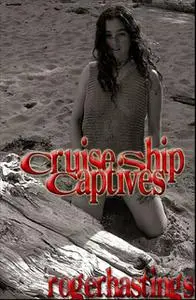 «Cruise Ship Captives» by Roger Hastings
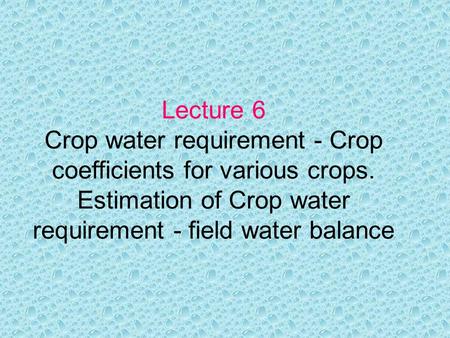 Lecture 6 Crop water requirement - Crop coefficients for various crops. Estimation of Crop water requirement - field water balance.
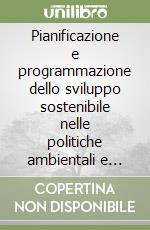 Pianificazione e programmazione dello sviluppo sostenibile nelle politiche ambientali e settoriali dell'Unione Europea libro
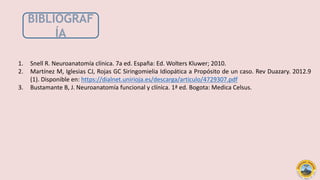 1. Snell R. Neuroanatomía clínica. 7a ed. España: Ed. Wolters Kluwer; 2010.
2. Martínez M, Iglesias CJ, Rojas GC Siringomielia Idiopática a Propósito de un caso. Rev Duazary. 2012.9
(1). Disponible en: https://dialnet.unirioja.es/descarga/articulo/4729307.pdf
3. Bustamante B, J. Neuroanatomía funcional y clínica. 1ª ed. Bogota: Medica Celsus.
BIBLIOGRAF
ÍA
 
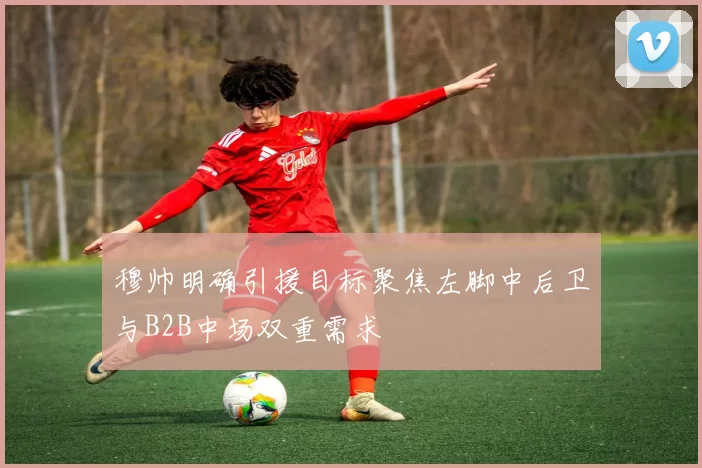 穆帅明确引援目标聚焦左脚中后卫与B2B中场双重需求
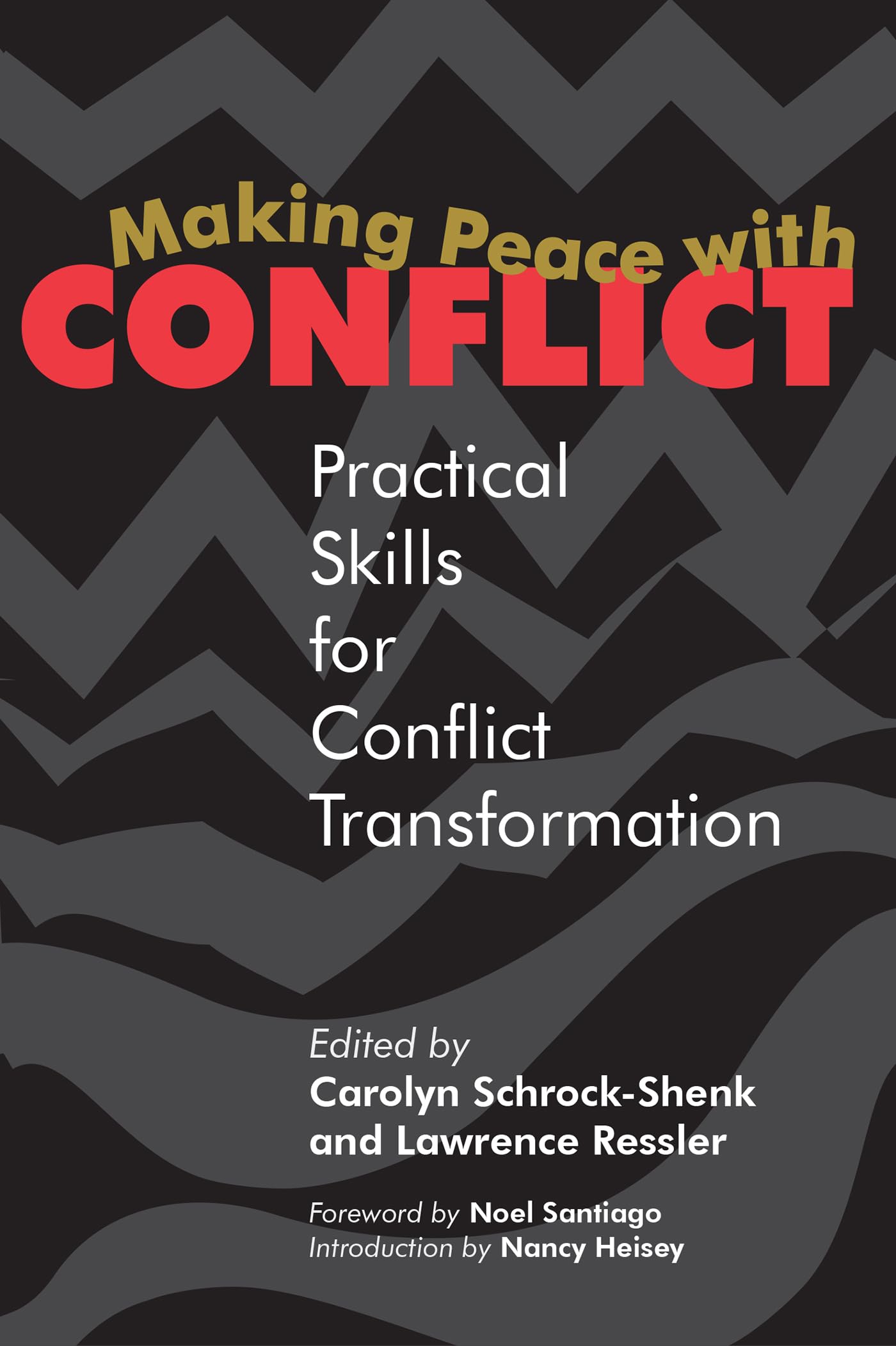 Making Peace with Conflict: Practical Skills for Conflict Transformation,New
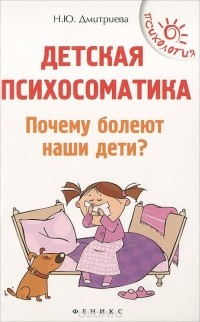 Наталия Дмитриева - Детская психосоматика. Почему болеют наши дети?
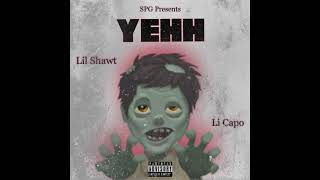 Lil Shawt - Yehh ft. Li Capo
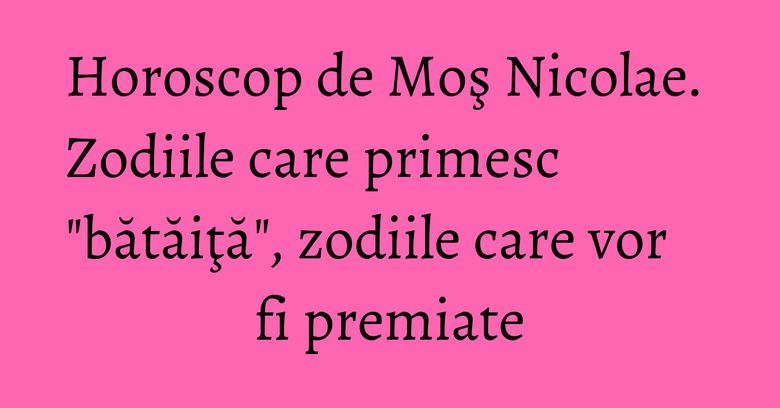 Horoscop de Moş Nicolae. Zodiile care primesc "bătăiţă", zodiile care vor fi premiate Horoscop de Moş Nicolae. Zodiile care primesc "bătăiţă", zodiile care vor fi premiate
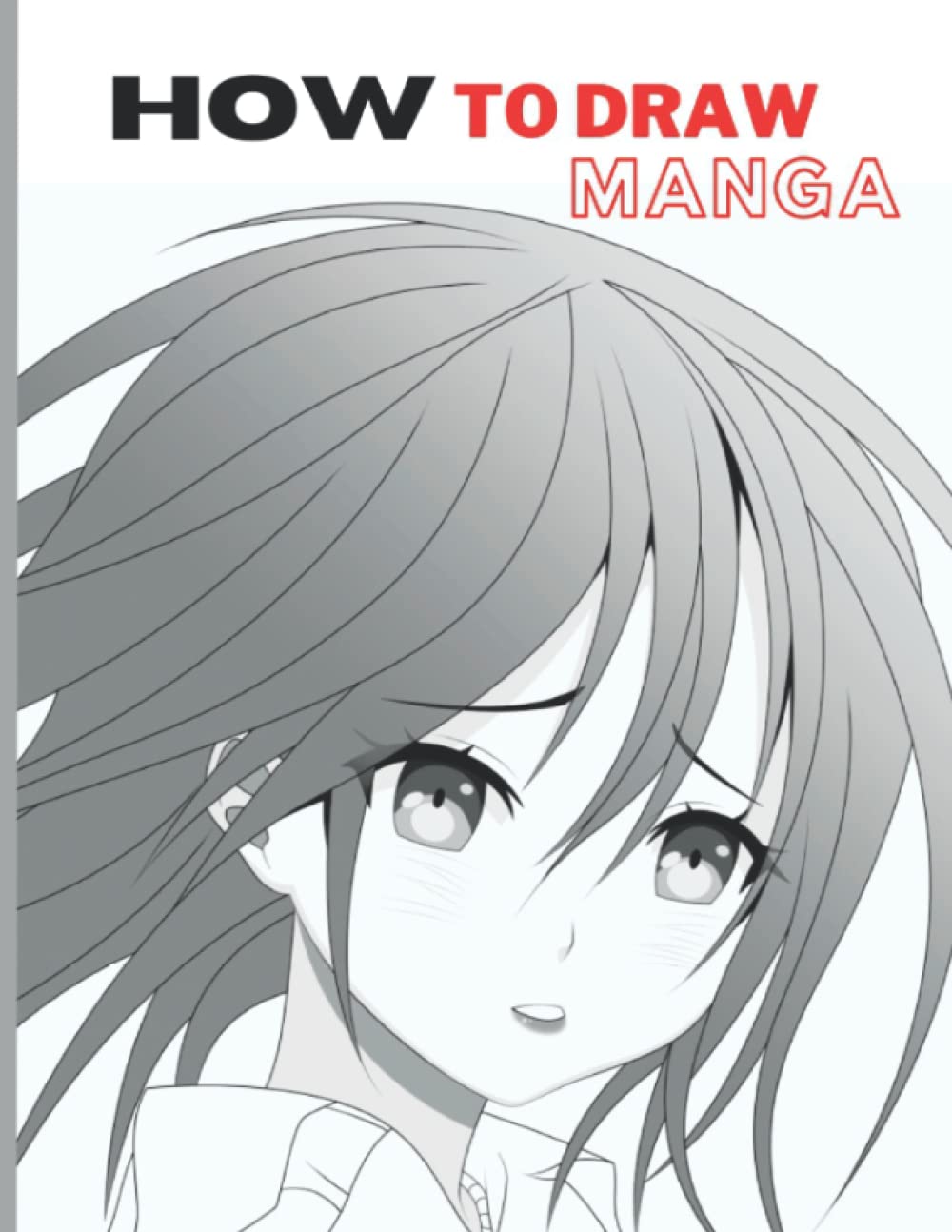 How To Draw Manga A Step By Step Drawing Book For Learn How To Draw Anime And Manga Faces And Super Cute Chibi And Kawaii Characters For Beginners Elora Marlo Amazon Com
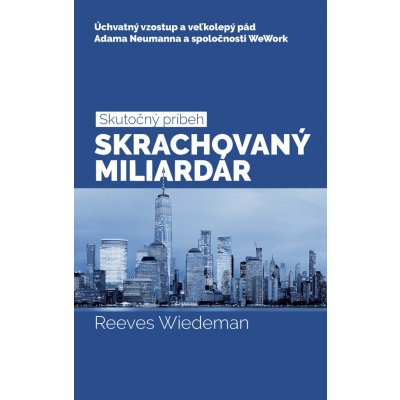 Skrachovaný miliardár - Reeves Wiedeman – Zboží Mobilmania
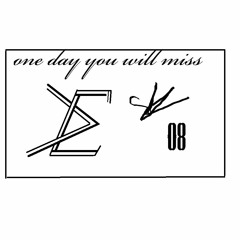 one day you will miss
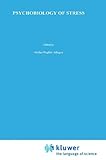 Psychobiology of Stress (NATO Science Series D: (closed))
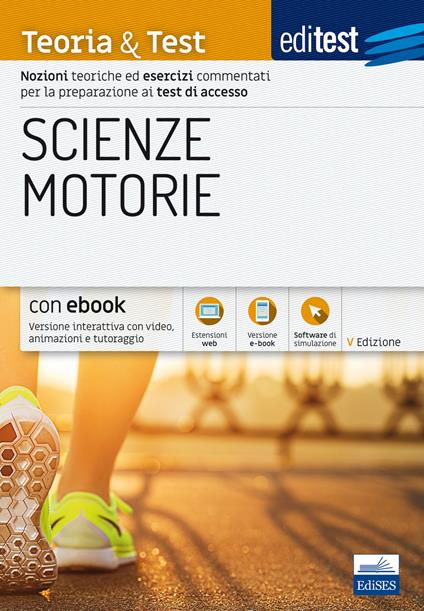EdiTEST. Scienze motorie. Teoria & Test. Nozioni teoriche ed esercizi commentati per la preparazione ai test di ammissione. Con Contenuto digitale per download e accesso online - copertina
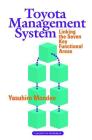 The Toyota Management System: Linking the Seven Key Functional Areas (Classics in Paperback) By Yasuhiro Monden Cover Image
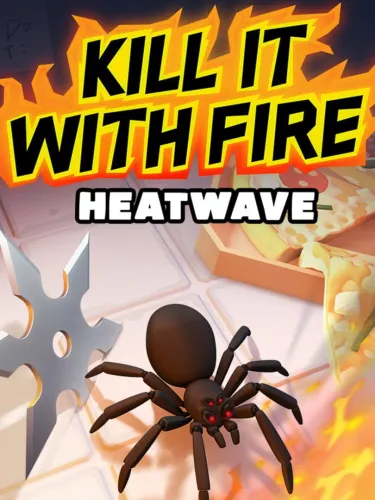 Portada de Kill It With Fire: HeatWave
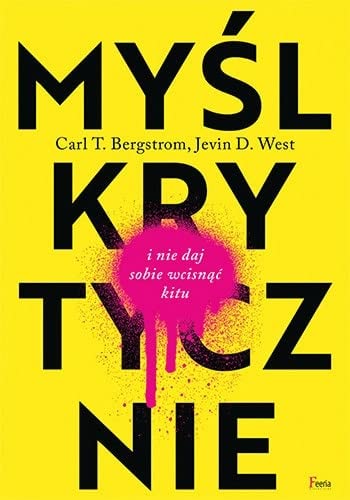 Imagen de archivo de My?l krytycznie i nie daj sobie wcisn?? kitu: My?l krytycznie i nie daj sobie wcisn?? kitu a la venta por medimops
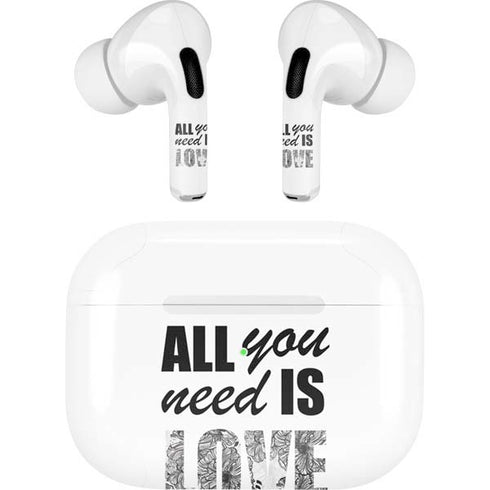 All You Need Is Love BW AirPods Pro 2nd Gen Skin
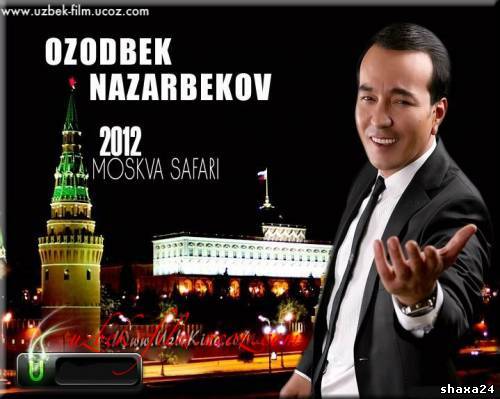 Ozodbek Nazarbekov Konsert Dasturi Moskvada 2012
-*-*-
• [Task details]:
For the data above, set down exactly the lines from the line with "fi premiate Horoscop" to the line with "EdiTEST. Scienze motorie.", both included, leaving pictures out.

• [Solution to this task]:
 Horoscop de Moş Nicolae. Zodiile care primesc "bătăiţă", zodiile care vor fi premiate Horoscop de Moş Nicolae. Zodiile care primesc "bătăiţă", zodiile care vor fi premiate
 How To Draw Manga A Step By Step Drawing Book For Learn How To Draw Anime And Manga Faces And Super Cute Chibi And Kawaii Characters For Beginners Elora Marlo Amazon Com
 Skrachovaný miliardár - Reeves Wiedeman – Zboží Mobilmania
 one day you will miss
 Psychobiology of Stress (NATO Science Series D: (closed))
EdiTEST. Scienze motorie. Teoria & Test. Nozioni teoriche ed esercizi commentati per la preparazione ai test di ammissione. Con Contenuto digitale per download e accesso online - copertina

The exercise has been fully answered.